■ **TASK INPUT**

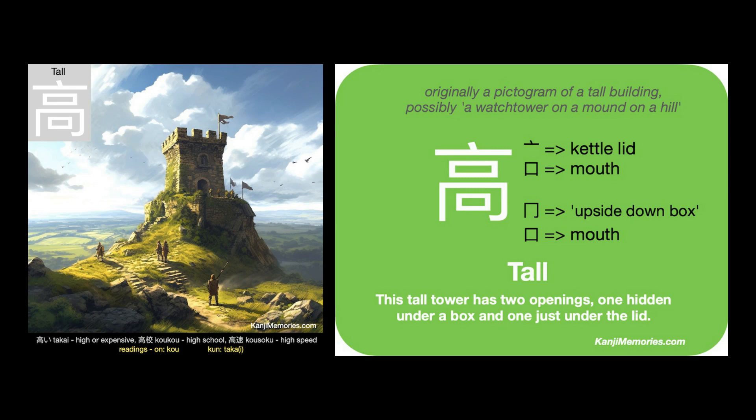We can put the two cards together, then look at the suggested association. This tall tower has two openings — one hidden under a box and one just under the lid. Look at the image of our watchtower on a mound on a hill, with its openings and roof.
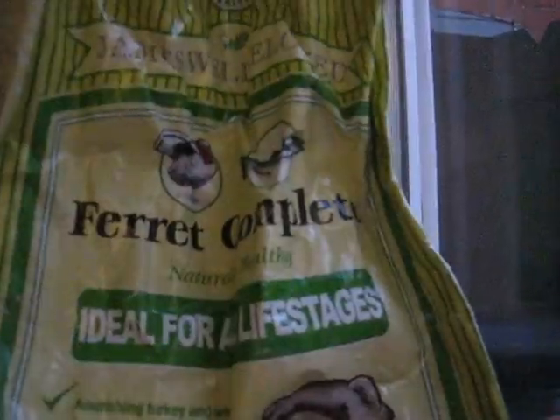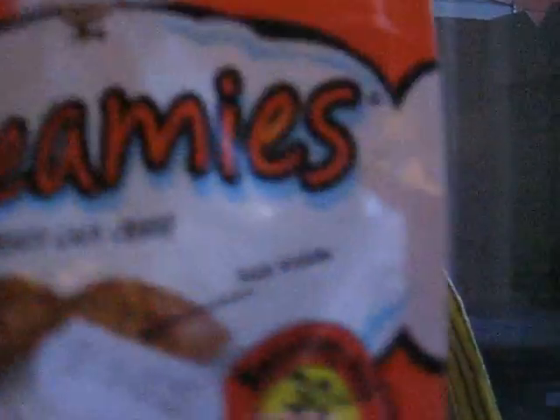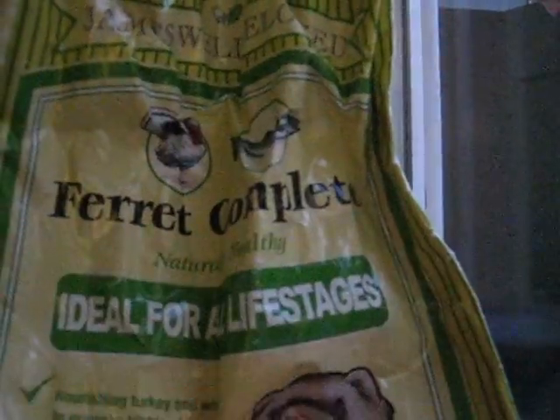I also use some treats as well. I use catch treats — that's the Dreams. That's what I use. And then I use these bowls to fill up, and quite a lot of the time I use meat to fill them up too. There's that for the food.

==

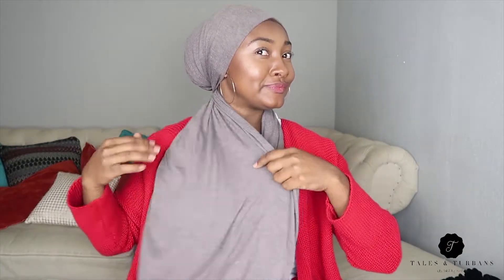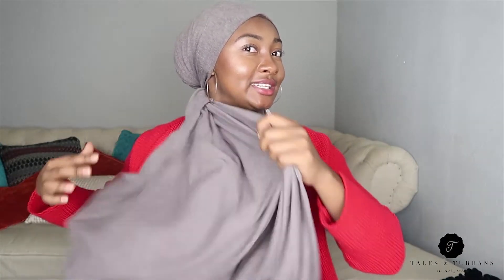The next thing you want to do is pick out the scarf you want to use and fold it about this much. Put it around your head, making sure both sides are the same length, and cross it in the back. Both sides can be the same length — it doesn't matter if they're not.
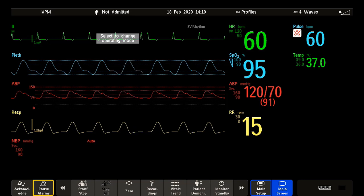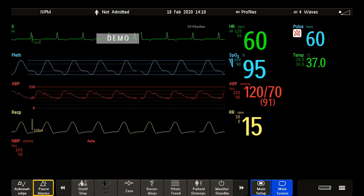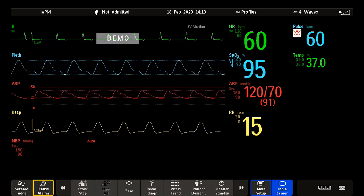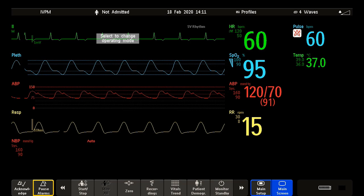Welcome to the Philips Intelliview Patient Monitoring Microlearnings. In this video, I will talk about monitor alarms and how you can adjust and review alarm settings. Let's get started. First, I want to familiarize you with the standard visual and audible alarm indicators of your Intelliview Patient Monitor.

■ **WORK REQUEST**
Leave out the images and write out the lines above exactly, from the one with "We can put the" up to and including the one with "I also use some".

■ **OUTPUT FOR THIS EXERCISE**
We can put the two cards together, then look at the suggested association. This tall tower has two openings — one hidden under a box and one just under the lid. Look at the image of our watchtower on a mound on a hill, with its openings and roof.
I also use some treats as well. I use catch treats — that's the Dreams. That's what I use. And then I use these bowls to fill up, and quite a lot of the time I use meat to fill them up too. There's that for the food.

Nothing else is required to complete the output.